Opponents of the requirement argue getting a state ID isn’t always easy, and could exclude some voters, like college students, minorities and the elderly – hence the lawsuit from two Memphis women.
Attorney Doug Johnston helped argue their case. Johnston says they have to decide quickly whether to appeal to the state Supreme Court, if they hope to undo the law altogether, before Election Day.
“It’s theoretically possible. The longer we go, the less likely it is.”
Johnston says Thursday’s ruling will let libraries in towns across Tennessee issue photo IDs people can use to vote. Meanwhile the author of the law, outgoing House Republican Debra Maggart, says that was not her intent, and calls the court’s ruling “legislating from the bench.”
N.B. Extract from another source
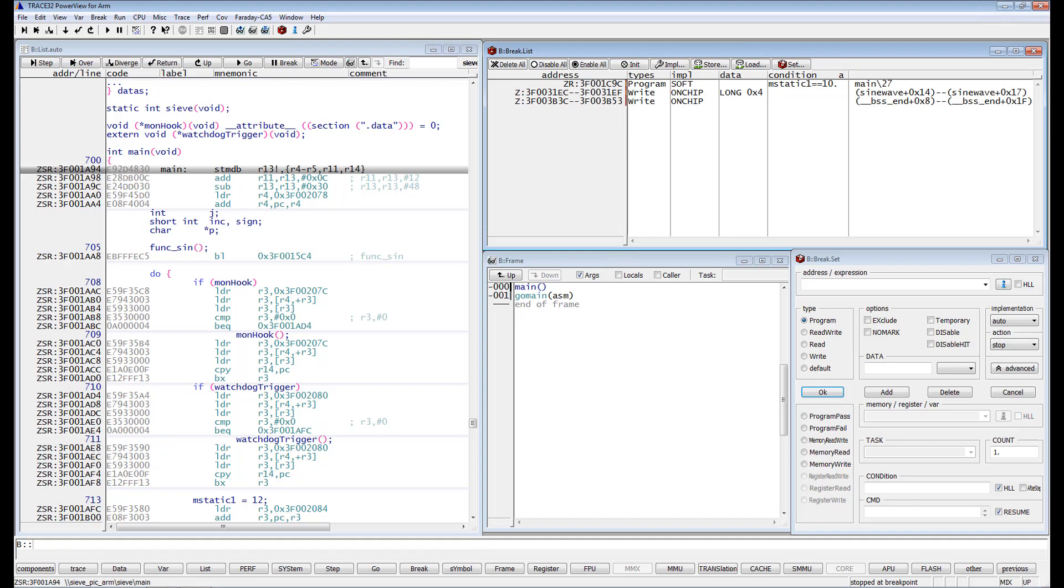This requires, however, special support by the on-chip break logic. If the on-chip break logic of the core does not provide the required features, Trace32 has to implement an intrusive breakpoint.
– From the court’s opinion (full PDF here):
The list of photograph identification cards that are deemed acceptable as proof of identity at a polling place includes “a valid identification card issued by a branch, department, agency or entity of this state, any other state, or the United States authorized by law to issue personal identification; provided, that such identification card contains a photograph of the voter.” Tenn. Code Ann. § 2-7-112(c)(2)(A). Memphis argues that its library cards meet this definition. The State argues that the Memphis library is not a “branch, department, agency or entity of this state.”
… Tennessee case law supports finding that the city is “a branch, department, agency or entity of this state.” Tenn. Code Ann. § 2-7-112(c)(2)(A). The Tennessee Supreme Court has observed that, “[i]t is beyond question that a Tennessee municipality is an agency of the state exercising a portion of the sovereign power of the state for the public good.” Collierville v. Fayette Cnty. Election Comm’n, 539 S.W.2d 334, 336 (Tenn. 1976).
We hold that Tenn. Code Ann. § 2-7-112(c)(2)(A) allows the City of Memphis, through its public library, to issue photographic identification library cards that can be used by voters to satisfy the identification requirements of Tenn. Code Ann. § 2-7-112.